1 2 Previous Next 15 Replies Latest reply on May 17, 2016 10:52 PM by bilbobagginz

    Homelab vSAN woes

    VirtualizingStuff Novice

      Hello Everyone,


      I have been having some vSAN issues where drives will show degraded when in actuality they are fine confirmed by in LSI controller and via hardware status. The drives (SSD) seem to become degraded once I/O hits the disks like (i.e. creating a VM). All hosts have 2 x SSD with one of those SSD tagged as a HDD. I wrote a post about it back in March here which has screenshots and more detail. Life has been very busy (chasing my 17 month around ) finally have time to continue troubleshooting.

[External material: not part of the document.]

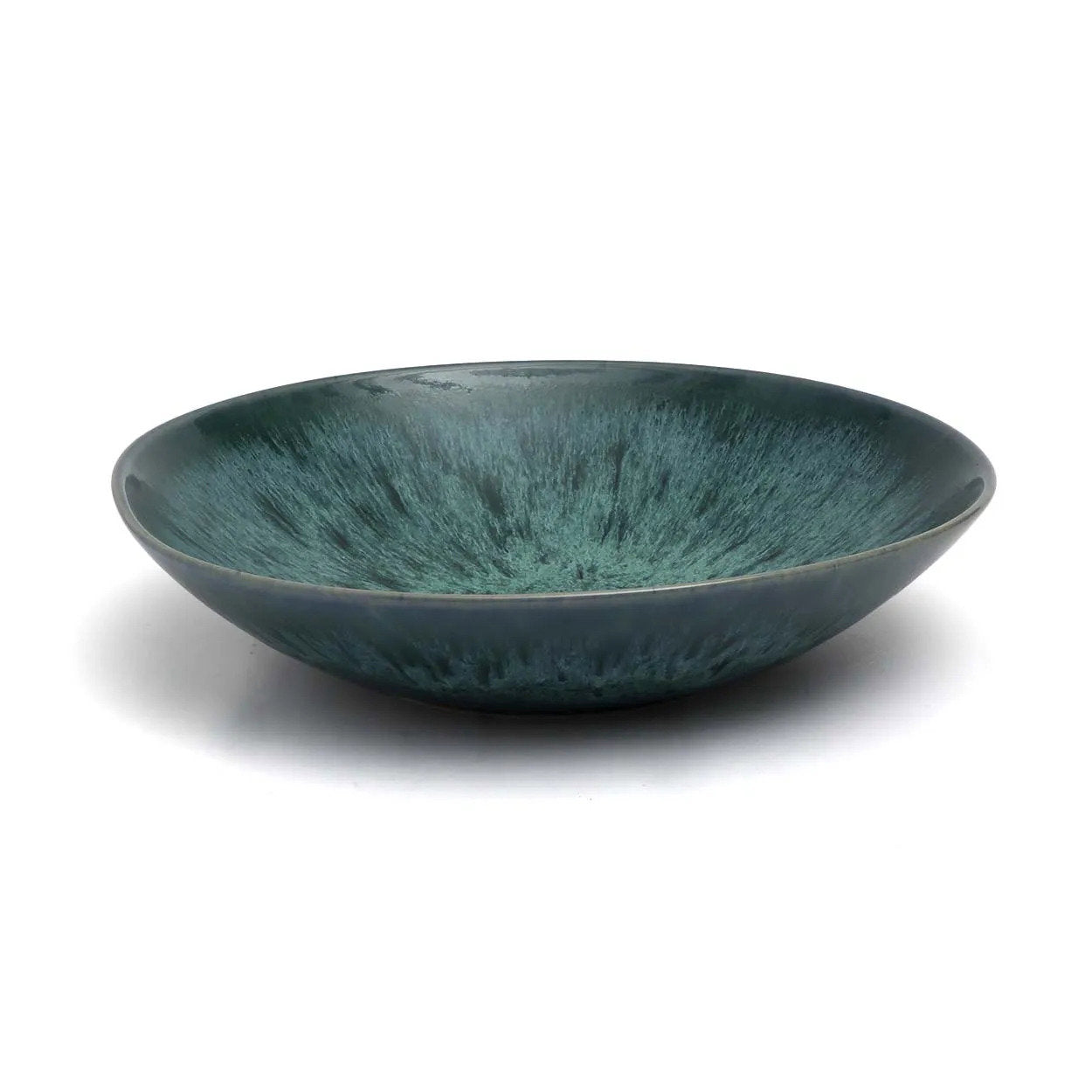 Blue pasta plate set of 4 in durable stoneware, perfect for stylish everyday dining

Everything is on the HCL for vSAN expect the actual SSD drives.

      Below is the hardware specs:


      Supermicro Servers (X9SCM-F)  x 2:

      • CPU: 2 x Intel Xeon E3-1230v2 “Ivy Bridge”
      • Motherboard:2 x Supermicro X9SCM-F
      • Raid Controller:2 x LSI Internal SATA/SAS 9211-8i
      • Memory:2 x Kingston 32GB Kit DDR3 1600MHz PC3
      • Disks:2 x Lexar Echo ZX 16GB
        • SSD: 4 x Sandisk Ultra II 240GB
      • Network Cards:
        • 2 x HP Infiniband DDR Dual Port HCA Adapter 20Gbps
        • 2 x HP NC360T Dual Port PCI-e Gigabit Card
      • Power Supply: 2 x Seasonic 400W 80 Plus Platinum Fanless ATX12V/EPS12V

      Supermicro X10SAE-O:

      • CPU: Intel Xeon E3-1231 “Haswell”
      • Motherboard: Supermicro X10SAE-O
      • Raid Controller: LSI Internal SATA/SAS 9211-8i
      • Memory: Kingston 32GB Kit DDR3 1600MHz PC3
      • Disks:
        • Lexar Echo ZX 16GB
        • SSD: 2 x Sandisk Ultra II 240GB
      • Network Cards:
        • HP Infiniband DDR Dual Port HCA Adapter 20Gbps
        • HP NC360T Dual Port PCI-e Gigabit Card
      • Power Supply:
        • SS-520FL2 520W ATX12V / EPS12V 80 PLUS PLATINUM


      Any assistance would be greatly appreciated.

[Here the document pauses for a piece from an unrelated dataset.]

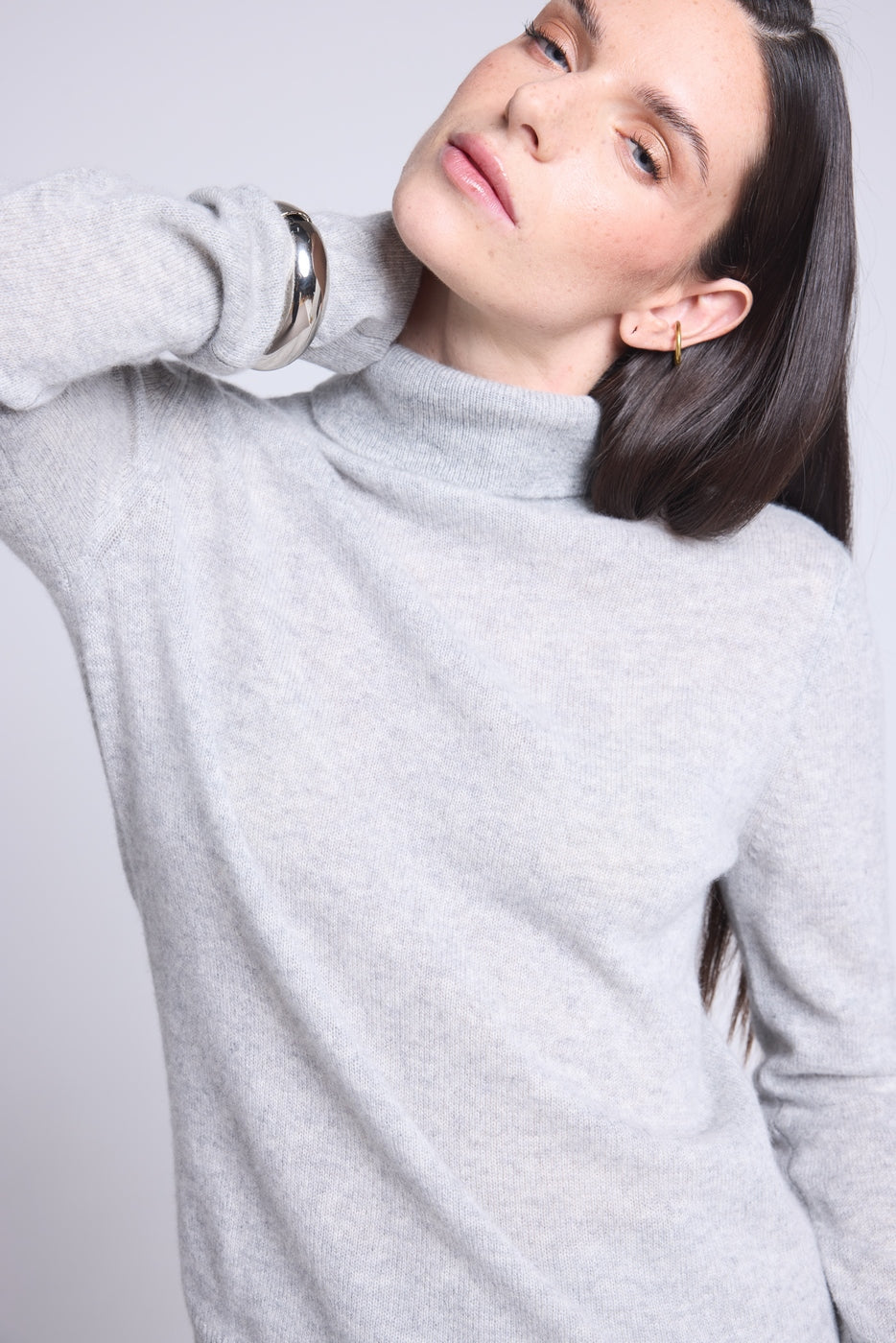 Jersey de cuello alto Iris - Gris claro - Mujer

        • 1. Re: Homelab vSAN woes
          VirtualizingStuff Novice

          I am going to see if I can get 6 different SSDs that are on the HCL and test.

          • 2. Re: Homelab vSAN woes
            zdickinson Expert

            I would be curious about two things.


            1.)What is the behavior if the capacity tier is an actual HDD instead of an SSD marked as such?
            2.)What is the behavior if this is setup as an all SSD vSAN in v 6?


            Thank you, Zach.

            • 3. Re: Homelab vSAN woes
              VirtualizingStuff Novice

              Hello Zach,

              1. I will put in 3 hdd tomorrow evening and try it again.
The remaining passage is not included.